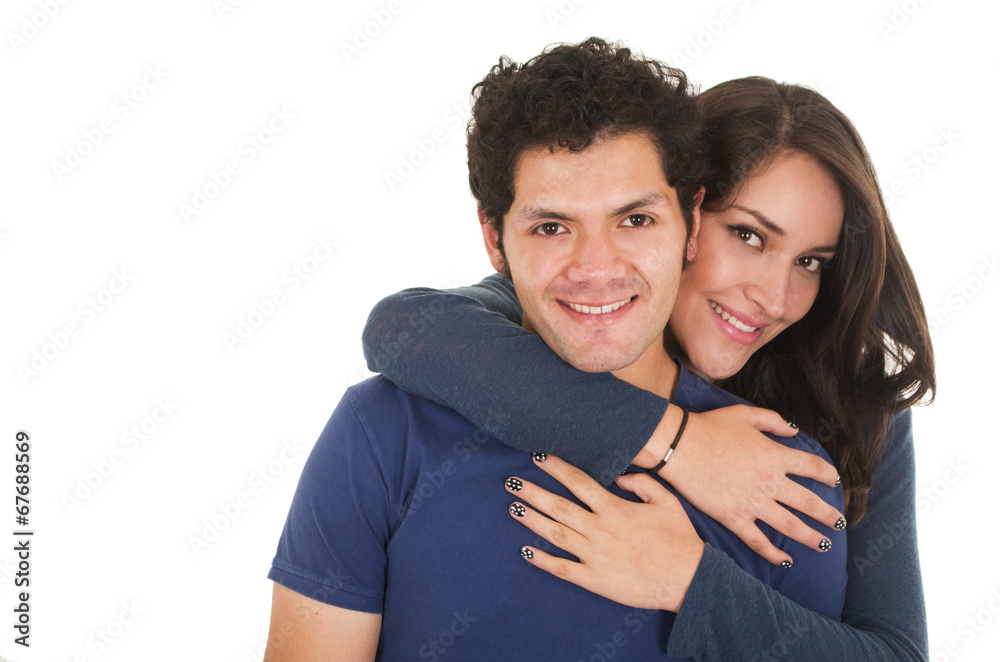 hispanic young couple hugging hispanic young couple hugging
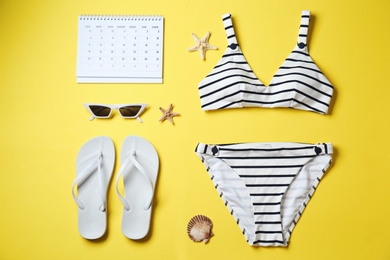 Photo of Flat lay composition with beach objects on yellow background
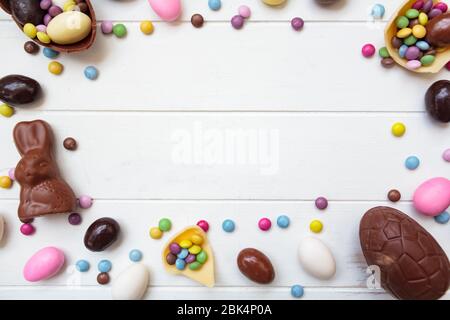 Easter background with chocolate eggs, easter bunny and other sweets on white wooden table with copy space Stock Photo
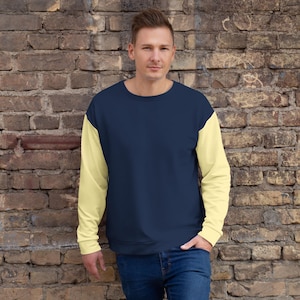 May include: A navy blue sweatshirt with pale yellow sleeves. The person in the image is wearing blue jeans. The sweatshirt has a crew neck and a relaxed fit. The background is a brick wall.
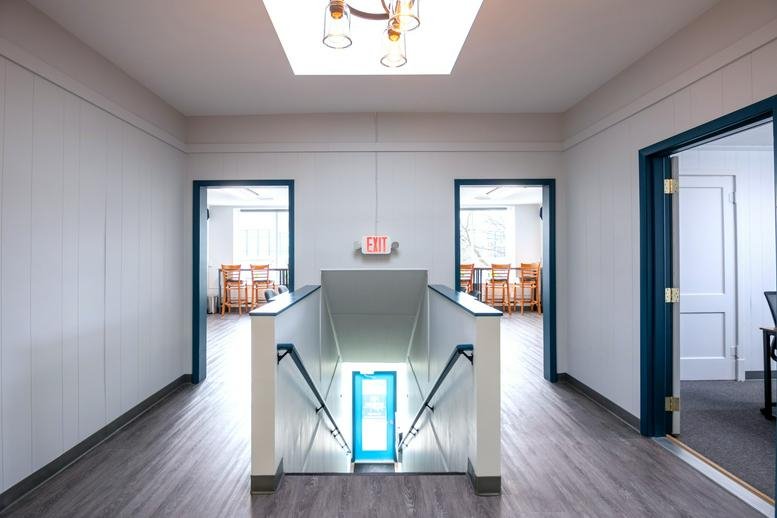 Spacious hallway with wood-style flooring and stairs at 324 West Main Street, Brighton (Michigan).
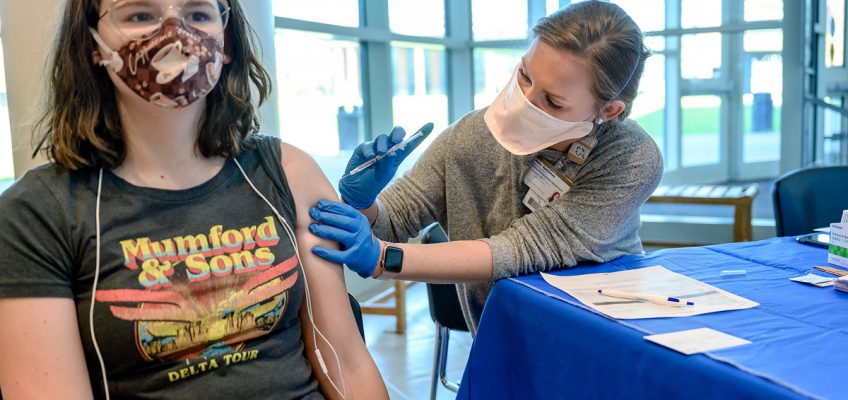 MTSU student Megan Young, left, receives the COVID-19 vaccine from Abby Sparkman of Murfreesboro, a fourth-year Lipscomb University pharmacy student, in the Health, Wellness and Recreation Center. Next week, April 12-16, MTSU students can be vaccinated — by appointment only — in the Student Union Building’s first-floor lobby. (MTSU photo by J. Intintoli)
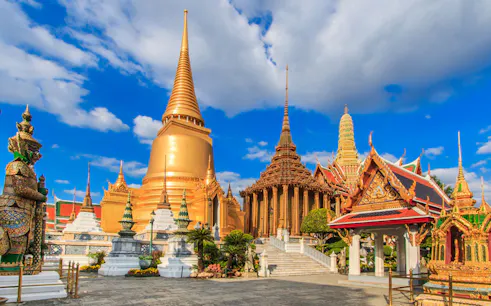 Ayutthaya temples with golden spires and ornate structures under a blue sky.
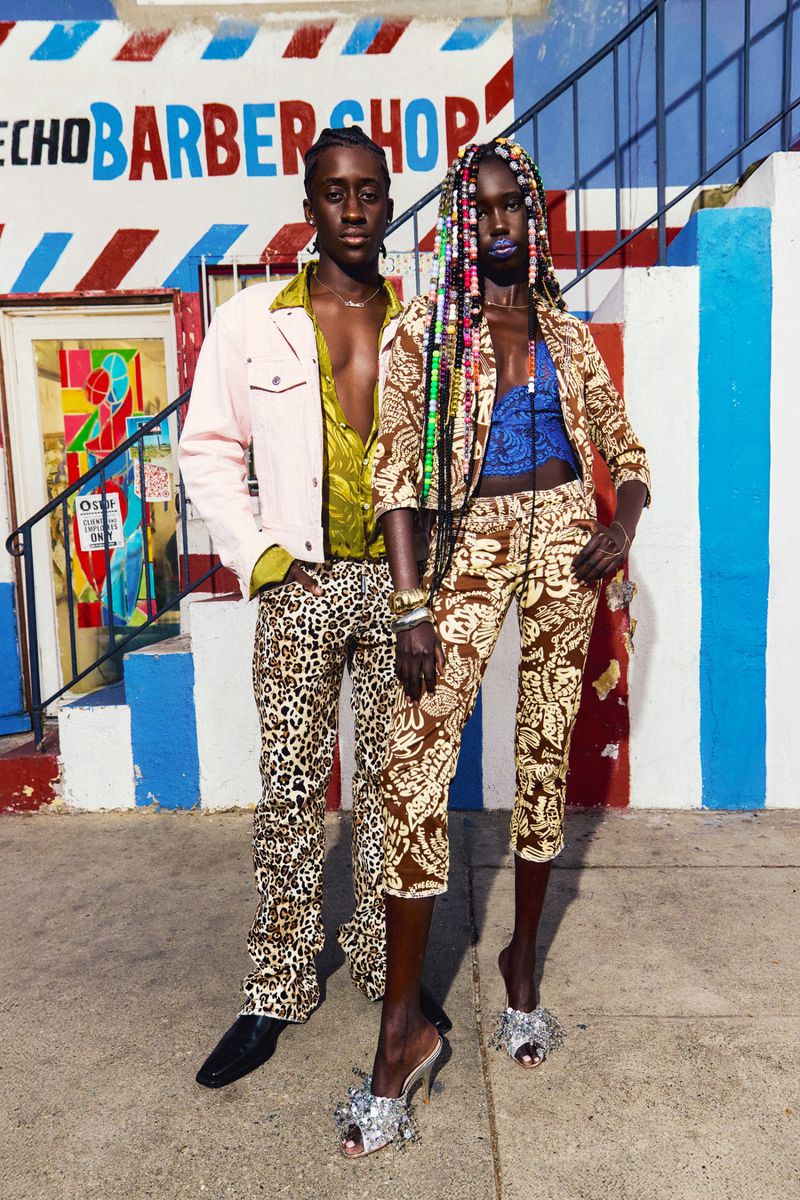 Two fashionably dressed people pose outdoors in patterned clothing, a pink jacket, and heels with a barbershop in the background.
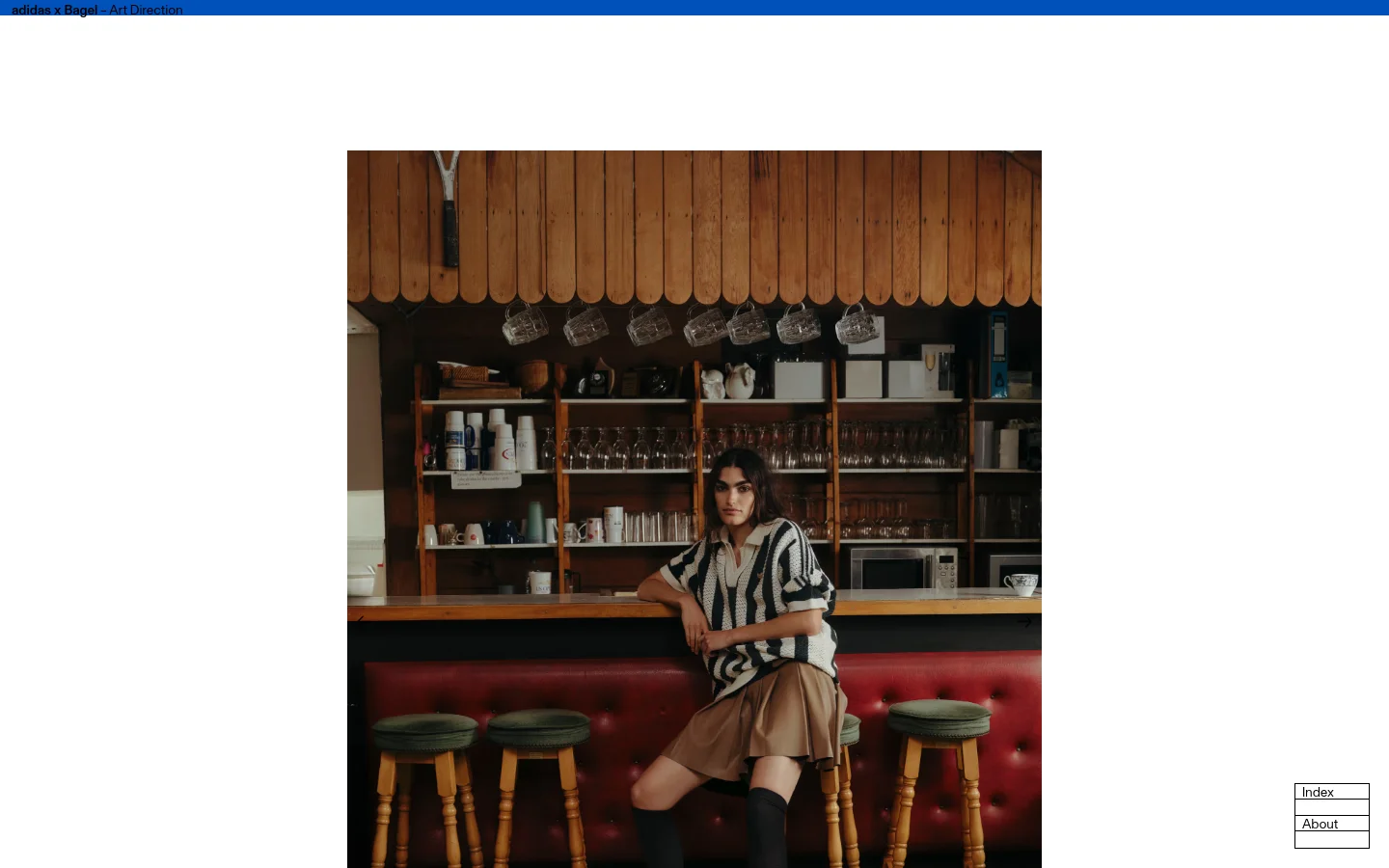 The desktop page features a minimalist layout with a large, full-width hero image of a person sitting at a wooden bar counter in a cafe setting. The headline 'adidas x Bagel – Art Direction' is positioned at the top left, and navigation buttons for 'Index' and 'About' are stacked in the bottom right corner against a white background.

------------------------

→ **THE PROBLEM**
Quote, please, only the lines running from the one with "Spacious hallway with" down to the final line of the data above, keeping both ends and skipping the pictures.

→ **ANSWER TO THIS TASK**
 Spacious hallway with wood-style flooring and stairs at 324 West Main Street, Brighton (Michigan).
 MTSU student Megan Young, left, receives the COVID-19 vaccine from Abby Sparkman of Murfreesboro, a fourth-year Lipscomb University pharmacy student, in the Health, Wellness and Recreation Center. Next week, April 12-16, MTSU students can be vaccinated — by appointment only — in the Student Union Building’s first-floor lobby. (MTSU photo by J. Intintoli)
 Ayutthaya temples with golden spires and ornate structures under a blue sky.
 Two fashionably dressed people pose outdoors in patterned clothing, a pink jacket, and heels with a barbershop in the background.
 The desktop page features a minimalist layout with a large, full-width hero image of a person sitting at a wooden bar counter in a cafe setting. The headline 'adidas x Bagel – Art Direction' is positioned at the top left, and navigation buttons for 'Index' and 'About' are stacked in the bottom right corner against a white background.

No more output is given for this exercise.